Headed by the CJP, a two-judge bench had taken up a pro bono petition by former commerce minister Dr Mohammad Zubair Khan, seeking directions for the federal government to reduce the central bank’s policy rate by half to scale down interest payments being paid out of public money for financing fiscal deficit.
The bench postponed further hearing for an indefinite period, with a direction to the counsel representing the petitioner to seek fresh instructions from the petitioner about the fate of the case.
The observation came when Justice Athar Minallah, a member of the bench, suggested that the court should not be involved in cases on maintaining economic discipline when it was already entangled with a host of other things. It would be wise if the petitioner advances his proposals to the government to improve the economic situation, Justice Minallah observed, adding that the federal government and not the Supreme Court was the right forum to determine the economic policies and monetary discipline.

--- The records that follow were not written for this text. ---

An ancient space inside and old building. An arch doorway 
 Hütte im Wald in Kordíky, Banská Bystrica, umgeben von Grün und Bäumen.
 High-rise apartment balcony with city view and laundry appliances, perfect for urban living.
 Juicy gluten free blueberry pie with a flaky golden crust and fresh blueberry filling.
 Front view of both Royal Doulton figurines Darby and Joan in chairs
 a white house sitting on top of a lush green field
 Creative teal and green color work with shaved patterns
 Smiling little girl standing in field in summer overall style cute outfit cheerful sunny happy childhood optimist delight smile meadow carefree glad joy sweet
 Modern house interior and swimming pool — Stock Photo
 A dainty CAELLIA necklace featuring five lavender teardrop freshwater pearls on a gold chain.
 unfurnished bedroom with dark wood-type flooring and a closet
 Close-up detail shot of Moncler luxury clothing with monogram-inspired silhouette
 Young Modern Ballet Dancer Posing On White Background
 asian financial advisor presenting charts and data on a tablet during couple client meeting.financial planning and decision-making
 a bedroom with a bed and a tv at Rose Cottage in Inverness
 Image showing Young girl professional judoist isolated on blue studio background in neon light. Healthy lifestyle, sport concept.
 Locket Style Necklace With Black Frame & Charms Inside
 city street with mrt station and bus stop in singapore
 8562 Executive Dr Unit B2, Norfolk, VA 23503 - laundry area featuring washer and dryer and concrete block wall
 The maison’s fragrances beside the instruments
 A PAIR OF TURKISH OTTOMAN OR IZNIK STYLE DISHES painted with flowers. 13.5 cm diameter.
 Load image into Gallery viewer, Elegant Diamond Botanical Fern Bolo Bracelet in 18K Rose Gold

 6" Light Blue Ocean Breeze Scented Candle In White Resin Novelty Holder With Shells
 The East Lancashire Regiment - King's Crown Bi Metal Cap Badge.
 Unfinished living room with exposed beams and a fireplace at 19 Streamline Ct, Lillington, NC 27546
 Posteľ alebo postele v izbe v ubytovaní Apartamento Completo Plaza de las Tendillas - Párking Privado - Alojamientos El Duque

SC puts off proceedings in matter seeking drop in SBP’s policy rate
During the hearing, the counsel Mian Abdur Rauf argued that the government had committed a constitutional deviation by taking huge loans from the central bank in 2020, adding that former finance minister Hafeez Sheikh and former SBP governor Raza Baqir were already out of the country.
Earlier in March 2020, the CJP during a chamber hearing of an appeal against plea’s return, had accepted for regular hearing with an observation that “the petition reflects serious thought and presents an analysis that invites judicial consideration of legal matters relating to financial disciple and responsibility of the State.”
The order said the issue raised widespread implications for the national economy and the public at large for which the state also has legal obligations under the Constitution since the petitioner had asked for the relief of enforcing the mandate of the Fiscal Responsibility and Debt Limitation Act 2005 in letter and spirit as well as the requirements of the State Bank Act 1956, the Rules and Regulations as well as the Banking Companies Ordinance 1962, for safeguarding the national economy from the adverse effect of high interest rates given on deposits in Pakistan.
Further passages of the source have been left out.